For a moment he thought he saw them nod back.

The adrenaline was still pumping after the encounter with his lather, and Niclas felt sufficiently belligerent to take on the next person with whom he had a score to settle.

He drove down Galarbacken and stopped short when he saw that Jeanette was in her shop, busily preparing to stay open on All Saints' Day. He parked the car and went inside. For the first time since they'd met he felt no tingle in his loins when he saw her. He felt only a sour, metallic distaste, both for himself and for her.

'What the hell do you think you're doing?'

Jeanette turned round and gave Niclas a cold look when he slammed the door behind him, making the 'Open' sign flutter.

'I don't know what you're talking about.' She turned her back to him and continued unpacking a box of knick-knacks to price and put up on the shelves.

'You certainly do. You know exactly what I'm talking about. You've been to the police and told them some cops-and-robbers story about how I forced you to lie and give me an alibi. How fucking low can you sink? Is it revenge you're after, or do you just enjoy making trouble? What the hell were you thinking? I lost my daughter a week ago. Can't you understand that I don't want to keep going behind my wife's back anymore?'

'You promised me,' said Jeanette with flashing eyes. 'You promised that we'd be together, that you'd divorce Charlotte, that we'd have kids together. You promised me a hell of a lot, Niclas.'

'So, why the fuck do you think I did that? Because you loved hearing it. Because you willingly spread your legs when you heard those promises about a ring and a future. Because I wanted to have a little fun with you in bed once in a while. I can't believe you're so fucking dumb that you believed me. You know the game as well as I do. You've had your share of married men before, I'm sure,' he said rudely, watching her flinch at each word, as if he'd slapped her. But he didn't care. He'd already crossed the line and had no desire to show a sensitive side or spare her feelings. Now only the pure, unadulterated truth was appropriate, and after what she'd done, she deserved to hear it.

'You fucking pig,' said Jeanette, reaching for one of the objects she was unpacking.
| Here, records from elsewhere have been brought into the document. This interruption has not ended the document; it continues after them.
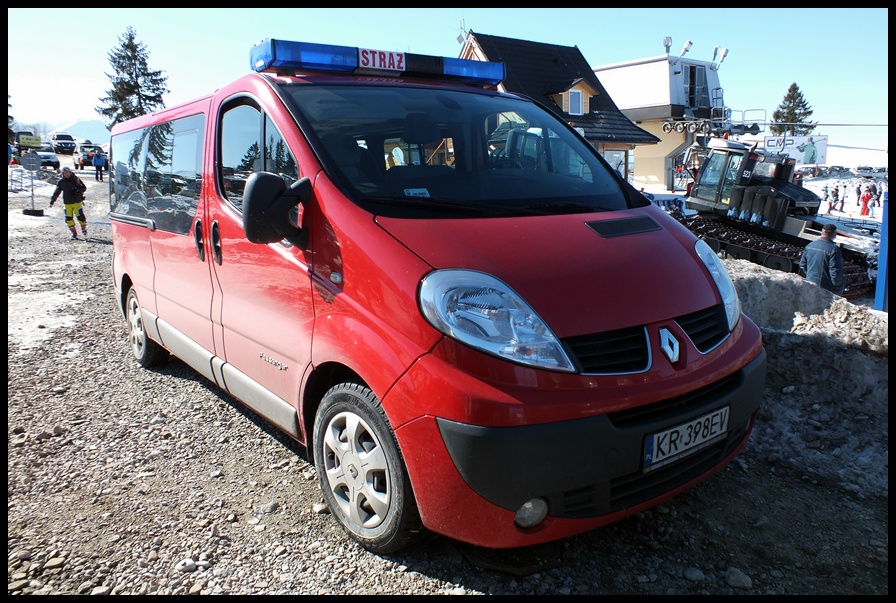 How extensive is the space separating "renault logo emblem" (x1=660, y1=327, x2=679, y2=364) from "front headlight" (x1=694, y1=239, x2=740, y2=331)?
1.55 ft

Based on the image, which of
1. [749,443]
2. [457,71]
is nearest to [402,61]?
[457,71]

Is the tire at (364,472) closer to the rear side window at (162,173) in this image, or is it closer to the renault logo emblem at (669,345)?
the renault logo emblem at (669,345)

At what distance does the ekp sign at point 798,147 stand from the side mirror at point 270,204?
18.8m

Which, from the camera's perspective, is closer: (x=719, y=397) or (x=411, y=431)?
(x=411, y=431)

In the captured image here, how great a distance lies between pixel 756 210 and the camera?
1571 centimetres

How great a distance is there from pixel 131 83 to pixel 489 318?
7198 centimetres

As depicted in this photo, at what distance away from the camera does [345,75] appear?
141 inches

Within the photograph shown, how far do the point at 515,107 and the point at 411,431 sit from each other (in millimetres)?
2234

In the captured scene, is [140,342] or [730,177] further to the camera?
[730,177]

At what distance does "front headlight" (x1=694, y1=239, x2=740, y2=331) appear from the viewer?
9.34ft

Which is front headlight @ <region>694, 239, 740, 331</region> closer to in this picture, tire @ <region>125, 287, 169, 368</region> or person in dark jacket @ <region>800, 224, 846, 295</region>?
tire @ <region>125, 287, 169, 368</region>

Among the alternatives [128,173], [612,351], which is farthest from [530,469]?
[128,173]

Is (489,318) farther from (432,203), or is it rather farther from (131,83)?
(131,83)

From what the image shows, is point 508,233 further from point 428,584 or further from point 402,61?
point 402,61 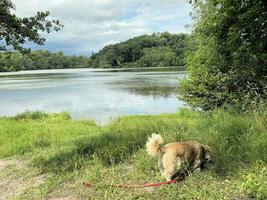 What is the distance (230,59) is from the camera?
42.6ft

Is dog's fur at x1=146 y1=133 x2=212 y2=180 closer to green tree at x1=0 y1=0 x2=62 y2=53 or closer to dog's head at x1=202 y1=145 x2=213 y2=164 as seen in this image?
dog's head at x1=202 y1=145 x2=213 y2=164

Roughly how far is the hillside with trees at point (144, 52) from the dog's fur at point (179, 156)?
124766mm

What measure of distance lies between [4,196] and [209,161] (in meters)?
3.06

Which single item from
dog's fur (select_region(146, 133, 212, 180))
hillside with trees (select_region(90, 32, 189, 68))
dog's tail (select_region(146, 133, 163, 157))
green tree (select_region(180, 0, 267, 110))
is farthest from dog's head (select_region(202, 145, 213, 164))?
hillside with trees (select_region(90, 32, 189, 68))

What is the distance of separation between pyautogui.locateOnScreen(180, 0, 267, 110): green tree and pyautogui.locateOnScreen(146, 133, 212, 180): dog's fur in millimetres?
3349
In the next instant a porcelain lighthouse whistled towards his head, but it missed and hit the display window instead. With a deafening crash the pane shattered and big chunks of glass came sliding down. The silence that followed was so complete that it echoed off the walls. Like two combatants they stared at each other as mutual rage made their chests heave. Then Niclas turned on his heel and walked calmly out of the shop. The only sound was the glass crunching under his shoes.

Arne stood in helpless silence and watched while she packed. If Asta hadn't been so determined, the sight of him would have surprised her so much that she would have stopped what she was doing. Arne had never before been helpless. But her fury kept her hands at work, folding clothes and placing them in the biggest suitcase they owned. She didn't yet know how she was going to lug it out of the house, or where she would go. It didn't matter. She didn't intend to stay one more minute in the same house with him. Finally the scales had fallen from her eyes. That feeling of dissonance that she'd always had, the feeling that things might not be the way that Arne said, had finally taken over. He wasn't all-powerful. He wasn't perfect. He was merely a weak, pathetic man who enjoyed bullying other people. And then there was his belief in God. It probably didn't go very deep. Asta saw clearly now how he used the word of God in a way that strangely enough always matched his own views. If God was like Arne's God, then she wanted no part of his faith.

'But Asta, I don't understand. Why are you doing this?'

His voice was whiny like a little boy's, and she didn't even feel like answering him. He stood there in the doorway wringing his hands as he watched her remove one item of clothing after another from the drawers and wardrobes. She didn't intend to come back, so it was best that she take everything all at once.

'Where are you going to go? You have nowhere to go!'

Now he was begging her, but the extraordinary nature of the situation only made her shudder. She tried not to think of all the years she'd wasted; fortunately she was cast in a pragmatic mould. What was done was done. But she didn't intend to waste even one more day of her life.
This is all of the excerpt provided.